I found out about the extension shortly after it came out, and turned it on for fun. I wasn’t expecting any great revelations from this. I already knew that everyone I read about was male, and I was accustomed to that. (As an engineer, I read a lot about the tech world. You can name the female people you see regularly from memory. Marissa Mayer. Sheryl Sandberg. Lately, Randy Zuckerberg. Carly Fiorina. Caterina Fake. Meg Whitman. I also tend to remember Alexia Tsotsis and Leena Rao, since they write a lot of what I read on TechCrunch). Anyway, I was sure I knew what was going to happen. It would flip the gender of the people I read about. So what? I was smart enough to realize what was going on.
After I installed the extension, I got back to work, wrote documents, did email, went to meetings, did all those things I’m actually supposed to be doing at work. When I finally got back to browsing the internet, I’d forgotten all about the extension. I didn’t remember it until I was reading an article about Seattle’s top bartenders. Somewhat astoundingly, all three were women. I felt proud! Proud and excited and surprised. I have nothing to do with the cocktail industry, and I still felt like this was a great success. Several minutes later I thought “well isn’t it funny that they all have men’s names? I wonder what that means.” and realized I had the plugin enabled, and they were in fact all men.
At that moment, I realized that the way gender is portrayed in the media still impacts people.
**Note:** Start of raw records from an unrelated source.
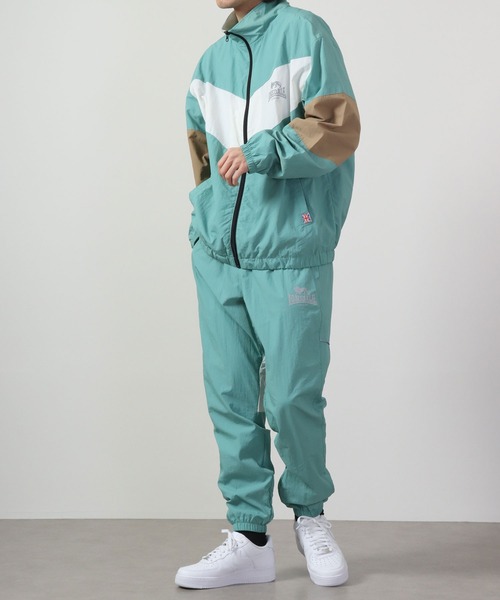 LONSDALE（ロンズデール）の「LONSDALE 裏メッシュ ナイロン ワッシャー ジャンパー 切替 トラックジャケット（ナイロンジャケット・メンズ・ベージュ/グリーン系その他/オフホワイト・M/LL/L）」の9枚目の写真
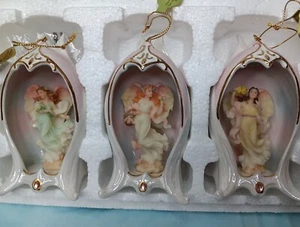 Bradford Exchange Ornamenti Serafini Angeli Classici 2001 Giglio Rosa Margherita Usato in Ottime Condizioni - Foto 1 di 5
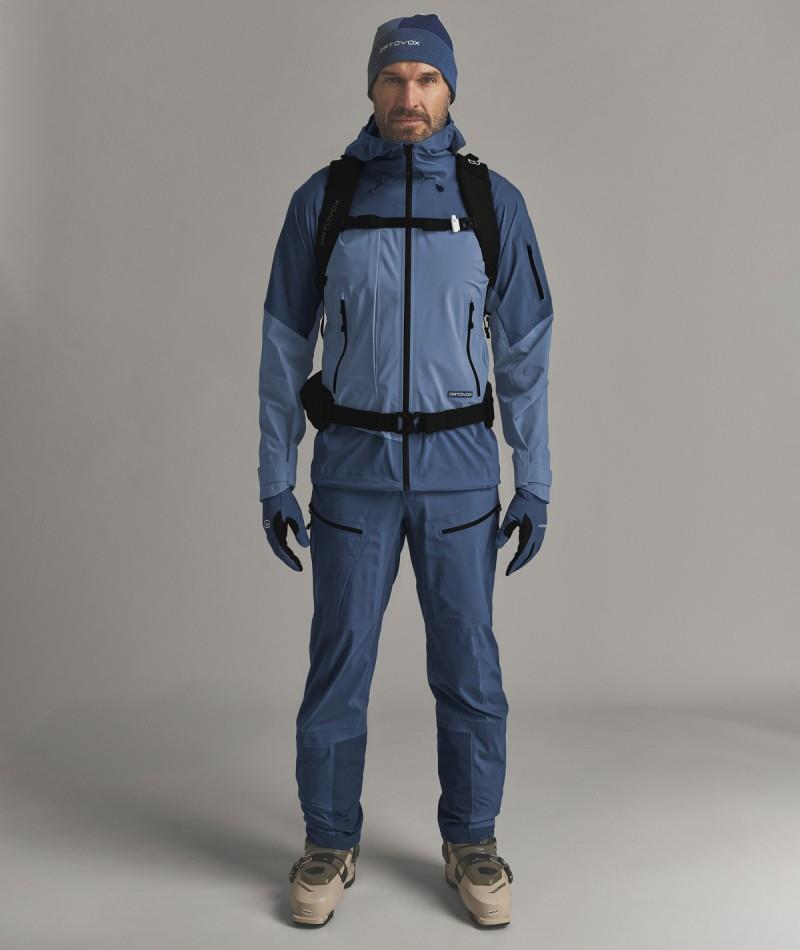 Haute Route 32 - blue nunatak 1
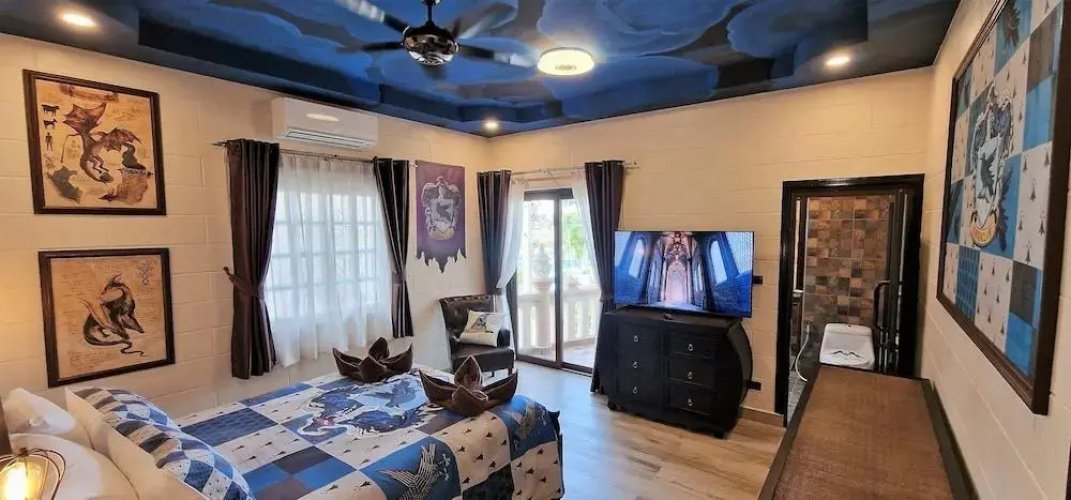 POTTERLAND Luxury Pool Villa Pattaya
Yes, it is much better than it was for my mother, or my grandmother, but it isn’t totally gone for me. I know, because having my normal news flipped made me feel far more comfortable in the world. I felt far less like I had to assert myself, or prove something. It was like everyone had already done everything I thought was cool, and I was just going to do it too. My path became far more obvious, and far less controversial. It made it not a big deal, or even commonplace, to be a woman and be ambitious.
This general pattern continued throughout the day. The places gender portrayal mattered to me wasn’t in tech articles. It was in the rest of the media. Apparently almost everything I read is written by and about men. This shouldn’t have surprised me, as I later learned only 20% of media coverage is about women, and most of that coverage is about situations in which they are victims.*
Since I did this experiment, I’ve been encouraging people to turn on this extension. Most of my female friends are also in tech and say “eh, I know the truth already.” We may know the truth, but we don’t know what it’s like to read news that’s all about your gender. It makes the burden to achieve feel much lighter, because so many others are achieving it with you. Most of my male friends look at me like “why would I do that?” but I wish they would, to see what it’s like to be female and read the news every day.
We have a long way to go, but it’s getting harder and harder to see what we need to change. Jailbreak the patriarchy helps make it clearer.